### DATASET CONTENT

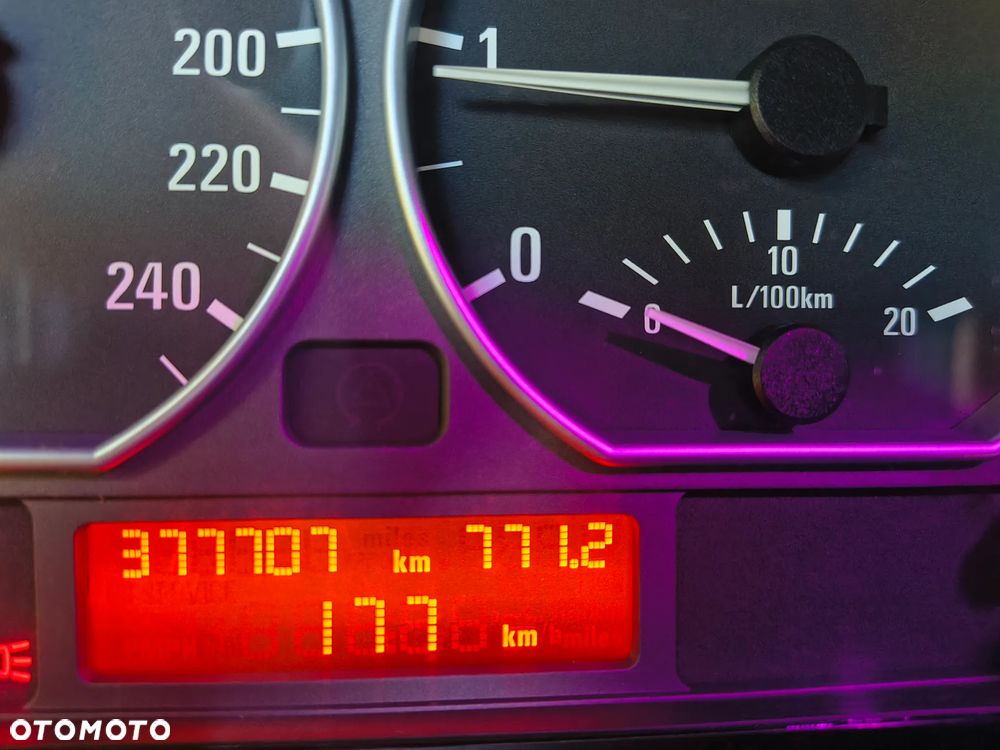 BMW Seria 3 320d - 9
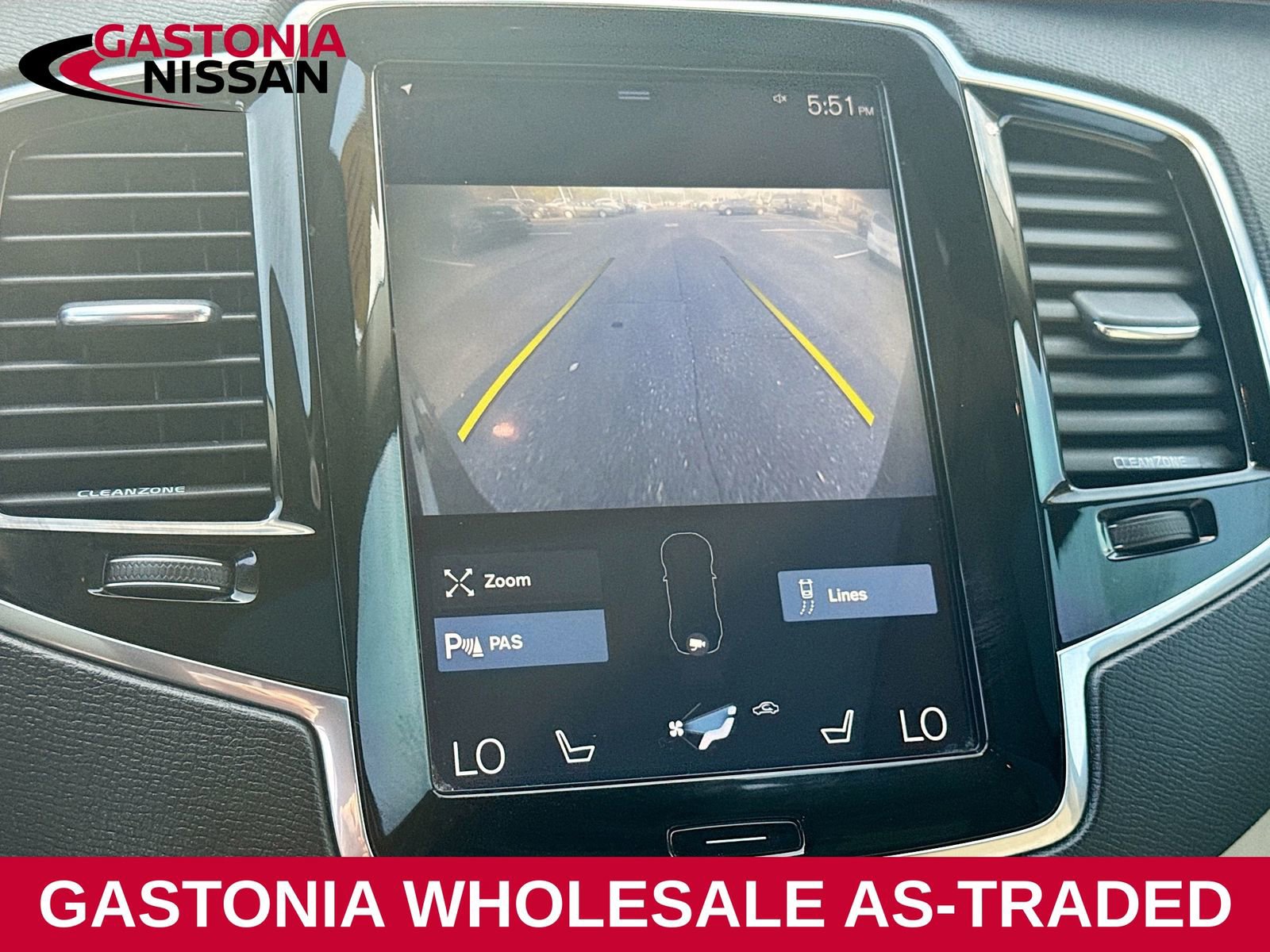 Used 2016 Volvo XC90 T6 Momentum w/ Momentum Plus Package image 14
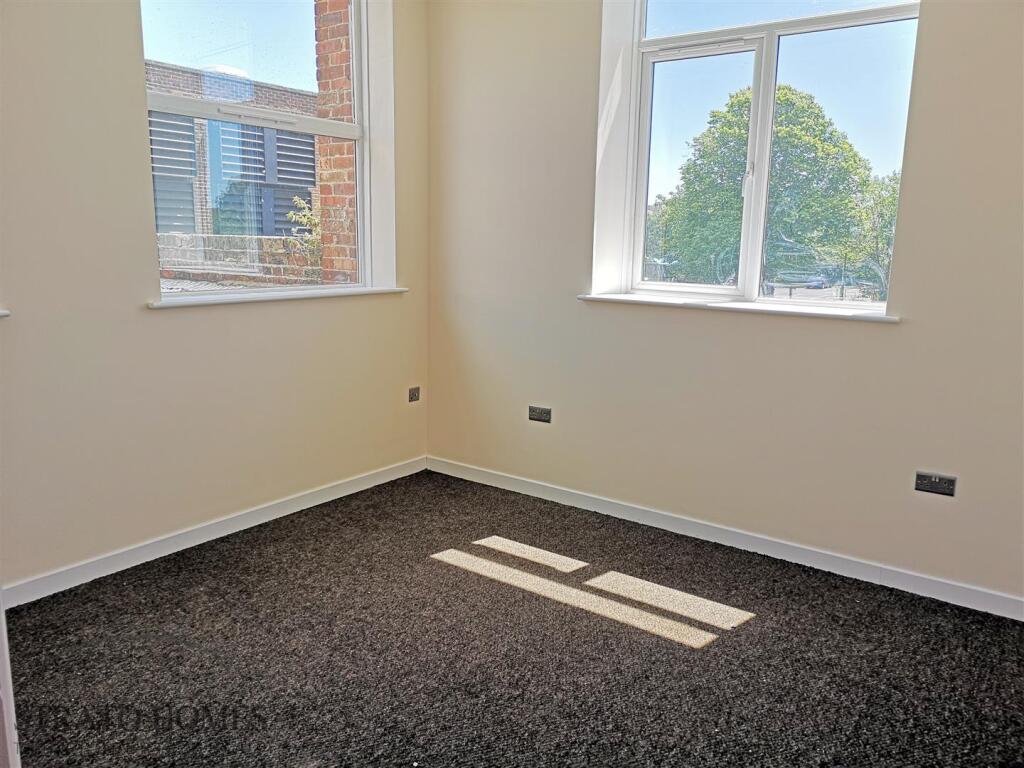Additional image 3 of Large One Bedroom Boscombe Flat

######

*EXERCISE INSTRUCTIONS*
What you return must match the material above exactly, minus its pictures.

*WRITTEN RESPONSE*
 BMW Seria 3 320d - 9
 Used 2016 Volvo XC90 T6 Momentum w/ Momentum Plus Package image 14
Additional image 3 of Large One Bedroom Boscombe Flat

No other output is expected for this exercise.